To a Hungarian, the word Goulash or Gulyás in Hungarian refers to the ‘cattle driver’ and simply means cowboy. However, the only place on a Hungarian menu that one would find the word gulyás would be amongst the soups and would be called gulyás leves (soup of the cowboy). However, what is generally known all around the world as ‘Goulash’ is in Hungary known as pörkölt or paprikás.
It has been suggested that the origins of this dish go back to at least the ninth century where shepherds cut meat into cubes and cooked it with onion in a heavy iron kettle known as a bogrács. This stew could either be cooked in a ‘short sauce’ meaning very little liquid which was known as pörkölt which is derived from the Hungarian pörköl which means to slightly burn the surface. If it was extended with more liquid, it was a soup or leves. During these times however, it was much different to what we know today as gulyás as the predominant spices used in the dish were black pepper and ginger. It was not until paprika entered Hungarian cuisine in the late sixteenth century likely via the invading Turkish army, that the dish became more like the version of the dish that we know today.
In addition to the use of paprika, there are a number of other essential ingredients and rules that define gulyás leves such as the use of chopped onions and the use of bacon or lard or both. But just as much as it is defined by what it consists of, it is just as importantly defined by what it does not consist of. The famous food writer, George Lang states that one must ‘Never use any flour. Never use any other spice besides caraway. Never Frenchify it with wine. Never Germanize it with brown sauce. Never put in any other garniture besides diced potatoes or galuska (a small pasta like dumpling)’. Over the years, this dish has established itself as one of the most readily identifiable symbols of the nation of Hungary and its people.
Another reason why this recipe is so good is because it is thrifty and uses the relatively less used shin beef which is perfect for all types of stews and slow cooked dishes. Typically these types of cuts have large amounts of connective tissue which when cooked quickly like for primal cuts such as fillet or rib-eye can be very chewy but when braised or cooked slowly, the connective tissue (primarily consisting of collagen) becomes soft and unctuous and is what makes these dishes so heartwarming and indulgent.
Traditional Hungarian Beef Goulash.
1.2 kg Shin (Gravy) Beef
400g Brown Onion
2 Medium Tomatoes
1 Red Capsicum
2 tbspns Good quality Sweet (Mild) Hungaria Paprika
3 tbspns Lard or Vegetable Oil
Peel and finely chop onions, tomatoes and capsicum, keeping the onions separate. Dice the beef into 2 cm cubes ensuring to remove any thick tendons.
Heat the oil or lard in a saucepan and fry the onions on a moderate heat until golden yellow in colour, ensuring not to burn them. At the same time in a frying pan, seal or lightly brown the meat in small batches.

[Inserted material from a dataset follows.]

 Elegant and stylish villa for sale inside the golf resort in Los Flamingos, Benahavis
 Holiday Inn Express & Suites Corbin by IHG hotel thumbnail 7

When finished, keep meat aside until ready to use in saucepan.
When the onions are cooked, add the paprika and if necessary turn down the heat a little to ensure that the paprika does not burn (which will give the dish an unpleasant bitter taste). When the onions and paprika start to become fragrant, add the meat to the saucepan and stir a little. Then add the chopped tomatoes and capsicum and stir. Moisture should start to be released and begin the formation of the sauce or gravy for the dish. If it is a little dry, add 3 or 4 tablespoons of water and ensure that it doesn’t ‘catch’ on the bottom of the saucepan.
Now you want to turn down the heat so that the pan is slowly simmering and put a lid on it and leave for an hour or so. Then check it both for seasoning (adding salt and pepper if necessary) and consistency. If the dish is still a little dry, you can add a little water or if it is too thin, you can continue to simmer with the lid off. Now, you just want to continue simmering the dish until the meat is ‘fall off the bone’ tender. The dish is now cooked and keeps well in the fridge or freezer. This dish is traditionally served with Galuska (small pasta like dumplings) and a refreshing Hungarian cucumber salad but goes well with pasta, rice, potatoes or even coarse cous-cous. Those with a taste for the ‘hot-stuff’ can also add a little cayenne pepper or chilli powder and you can also add a little garlic during the cooking phase if you like.